Здесь человек не столько жалок, сколько умилителен; в позднем фрагменте из «Дилетантов» куда больше снисходительности, а то и брезгливости. Но вот это странное двуногое существо воспламеняется страстью – и жалкие природные данные отступают, и ложь себе и другим перестает составлять его главную повседневную заботу, и начинается нечто осмысленное, даже прекрасное – так муравей в его ранней песне преображался в Бога, «грустного, как жители земли» (не-грустный Бог для Окуджавы неприемлем, он его знать не хочет). Человек, зажженный страстью, имеет право быть; все прочее – жалкая имитация. Но в том и беда, что ни один герой романа, кроме Мятлева и Лавинии, понятия не имеет о страстях: все отбывают жизнь как повинность, спустя рукава, и даже для Николая Павловича благопристойность важней живой жизни. За беглецами охотится вся империя – почему? Потому, что они посягнули на порядок? Да нет же: своим бегством они напомнили о подлинности.

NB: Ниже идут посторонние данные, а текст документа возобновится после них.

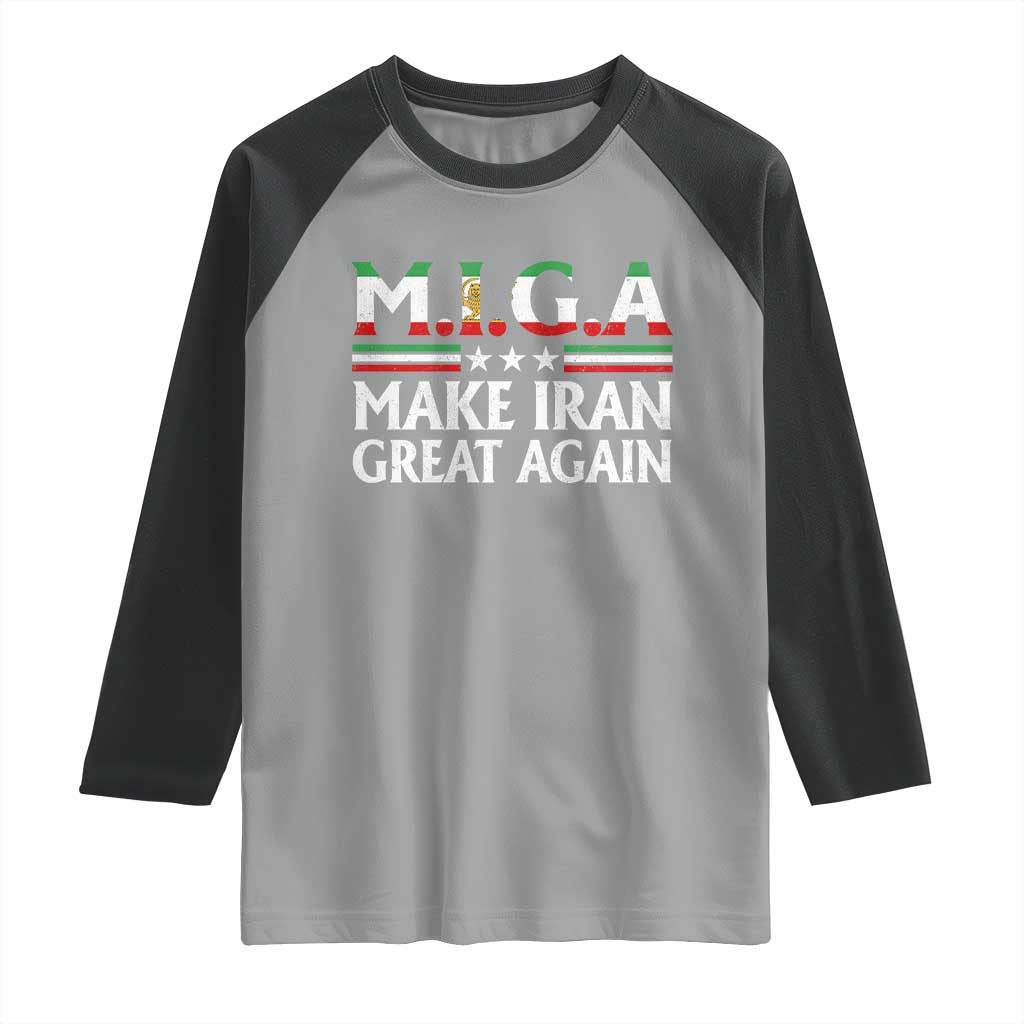 Make Iran Great Again Raglan Shirt MIGA Emblem Of Iran Persian Lion Flag TS11 Sport Gray Black Print Your Wear
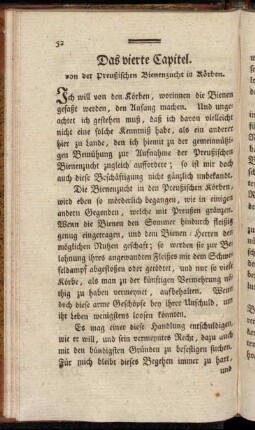 Das vierte Capitel. von der Preußischen Bienenzucht in Körben.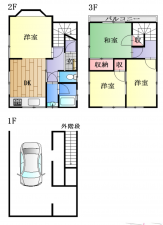 京都市伏見区竹田狩賀町、中古一戸建ての間取り画像です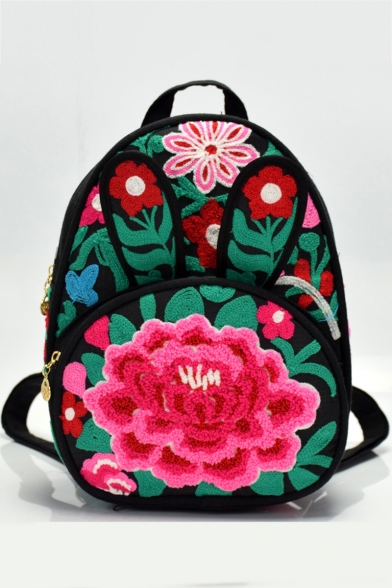 Folk Style Floral Embroidery Pattern Canvas Backpacks for Women 21*11*28 CM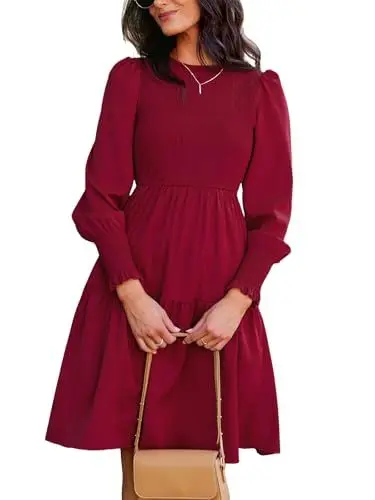 Produktbild: CUPSHE Damen Kleid Rundhals Langarm Rüschensaum A Linien Gesmoktes Minikleid Freizeitkleider Party Smocked Mini Dress Burgunder S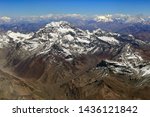 Mount Aconcagua in summer. Aerial view. Andes mountains in Argentina. The highest point of all the americas. January 2019.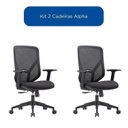 Ver imagem 2 de Kit 2 Cadeiras Escritório Diretor NR17 Tela Mesh Alpha Preto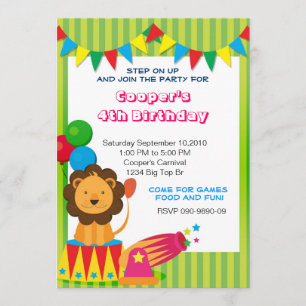 Invitación a un cumpleaños de Circus Lion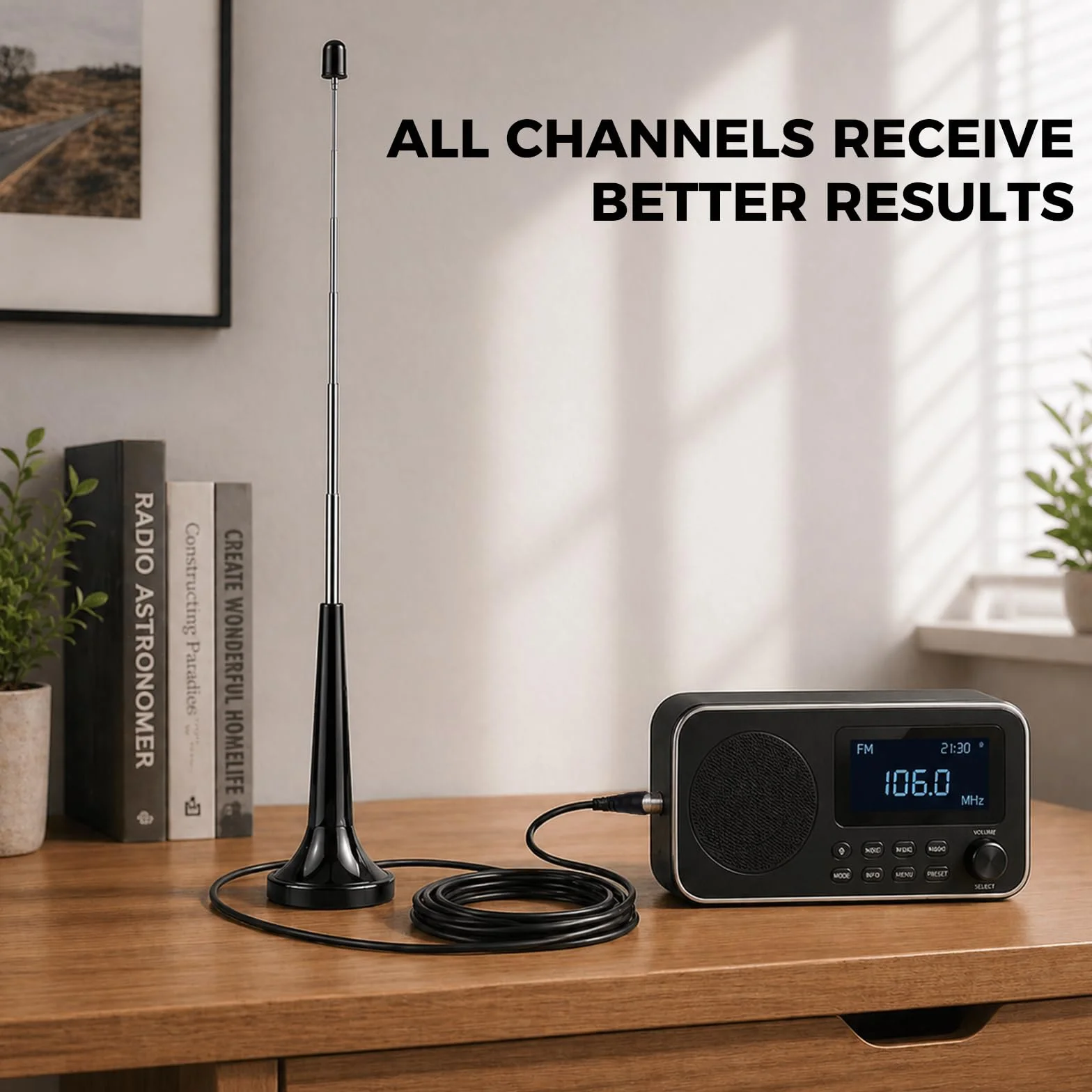 Antenne TV Intérieur Puissante, Antenne Radio FM Dab Intérieur Télescopique avec Base Magnétique, Câble 3m pour Récepteurs Stéréo 75 Ohm Chaine HiFi Tuner FM Poste Radio, Plug and Play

А подлинность одним своим существованием разрушает череду убогих конвенций, которую окружающие заключили с миром; и потому она опасна, и потому наказуема. Не зря сразу после бегства Мятлева рухнул его дом: «Воистину и дом, и вся жизнь – все трещало по швам, не будучи скреплено делом, пристрастием, горячей кровью и здоровьем…»

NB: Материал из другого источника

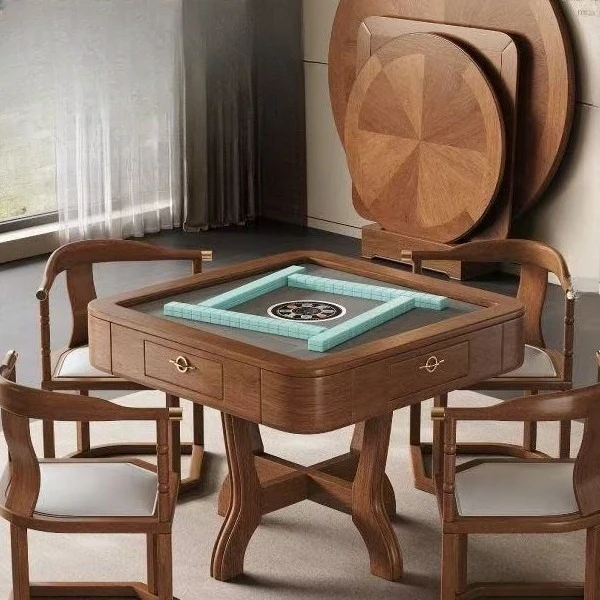 New Chinese Style Solid Wood Mahjong Machine, Dining Table, Mahjong Table, Dining Table Dual-Purpose Dining Table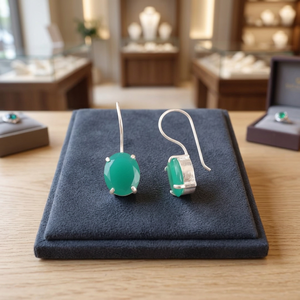Pendientes de Piedra Preciosa de Ónix Verde de Diseño 2026, en Plata de Ley 925, para Mujeres y Niñas - Product Image 5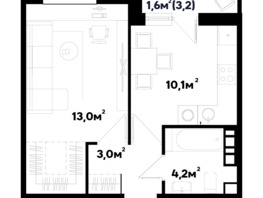 Продается 1-комнатная квартира ЖК Sport Village (Спорт деревня), 2.4, 35  м², 6875300 рублей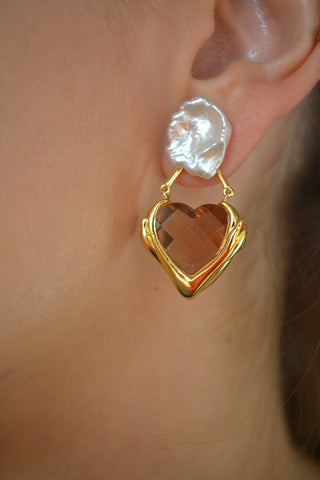 Carolina Wong Self Love Pink 18K Gold Earrings - shop idPearl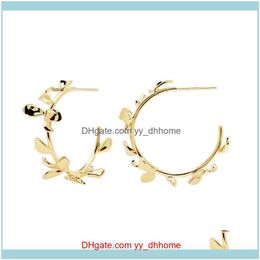 & Earrings Jewelrygeometric Gorgeou Gold Plated Fashion Women Jewellery Spring Wreath Flowers Linked Band Hie Hoop Earring For Girl Drop Deliv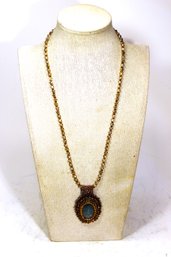 Labradorite Micro Glass Beaded Necklace W Large Pendant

Но разве это – только о доме Мятлева? Это ведь обо всей России под благодетельным игом Николая (только ли Николая?). Нет здоровья, пристрастия, горячей крови – всего того, что отличает дела, делаемые с радостью, без принуждения, по природной склонности. Каких вы хотите страстей, ежели все боятся и, как заклинание, повторяют слова о «созидательности» и «благонамеренности»? Благонамеренность эта – очередной псевдоним очередного зажима – упоминается в романе постоянно, чуть автор предоставляет слово сановнику или «сочувствующему»; это еще один лейтмотив, и весьма существенный, столь же значимый, как регулярно упоминаемый «шлагбаум», за которым будто бы начнется другая жизнь. В сущности, благонамеренность и этот шлагбаум – синонимы: «Мой добрый друг, не торопитесь с выводами. Осуждать крайне легко. Судей и ниспровергателей экая прорва, а созидателей – единицы. Трудно. Благонамеренность – не слабость, мой добрый друг, как это кажется некоторым не в меру суетным невеждам; благонамеренность – это намеренность добиваться блага своему отечеству. Эти господа имеют склонность хвататься за всяческие неуспехи и неудачи и раздувают их, в то время как их следует не раздувать, а спокойно, неторопливо, сообразно с ходом истории постепенно сводить на нет. Умоляю вас, мой добрый друг, вникните в мои слова, не подражайте ниспровергателям, не усугубляйте зла в нашем многострадальном отечестве… Трудно».